Peserta didik dituntut untuk lebih gencar menyikapi inovasi baru ini, karena ini bukanlah kemauan siapa pun, pandemi datang menghambat semua aspek kehidupan. Ada yang rugi dan ada juga yang mengambil keuntungan dari datangnya virus COVID-19. Meskipun pembelajaran saat ini tetap dilakukan secara daring, bukan berarti peserta didik menjadi pasif saat mengikuti kelas konferensi melalui aplikasi zoom misalnya. Tidak ada salahnya untuk lebih aktif berinteraksi dengan guru/dosen saat sedang berada di room kelas daring. Manfaatkanlah semua fitur yang tersedia di media aplikasi online untuk bertanya sesuatu yang tidak/kurang dipahami kepada pengajar yang memberikan materi pembelajaran. Tetap fokus pada target akademik, jangan sampai lengah karena harus berjuang sendirian untuk mengerjakan setiap tugas sekolah atau kampus dari rumah masing-masing. Bentuklah diskusi kelompok secara virtual bersama dengan teman-teman di kelas untuk mempermudahkan pengaksesan informasi akademik. Cara yang tepat dalam menyikapi pandemi ini adalah tetap bersemangat. Long-life learning, kita akan dituntut untuk berproses menjadi lebih baik lewat pengalaman dan kejadian-kejadian di luar dugaan kita selama kita masih bernafas.
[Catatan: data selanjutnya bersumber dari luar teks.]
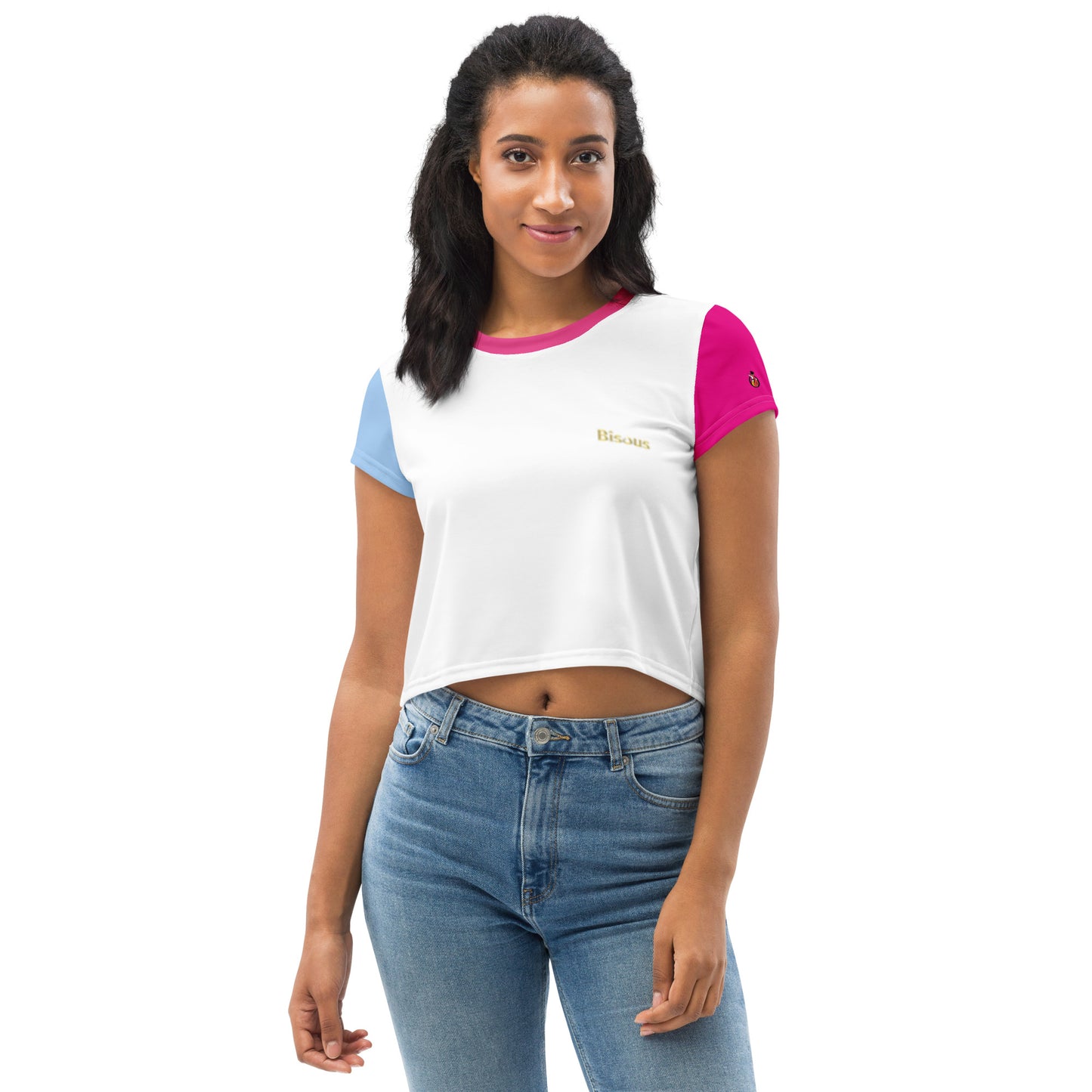 Snooty Fox Art Crop Tee - Player 1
Belajar daring akan tetap enjoy kita rasakan, jika kita memberikan sepenuh hati kita untuk mengikutinya.

 

Referensi

Achru, P. A. (2019). Pengembangan minat belajar dalam pembelajaran. Jurnal Idaarah , Vol. III No. 2, 205-215.

 

Danim, S. (2015). Pedagogi, andragogi, dan heutagogi. Bandung: Penerbit Alfabeta.

 

Krapp, A. (1999). Interest, motivation, and learning: an educational-psychological perspective. European Journal of Psychology of Education , Vol XIV, 23-40.

 

Pardjono. (2000). Konsepsi guru tentang belajar dan mengajar dalam perspektif belajar aktif. Jurnal Psikologi , 73-83.

 

Santrock, J. W. (2012). Life-span development (Kelima, Jilid 1-2 ed ed.). (A. Chusairi, Trans.) Jakarta: Erlangga.

 

Siagian, R. E. (2012). Pengaruh minat dan kebiasaan belajar siswa terhadap prestasi belajar matematika. Jurnal Formatif , 122-131.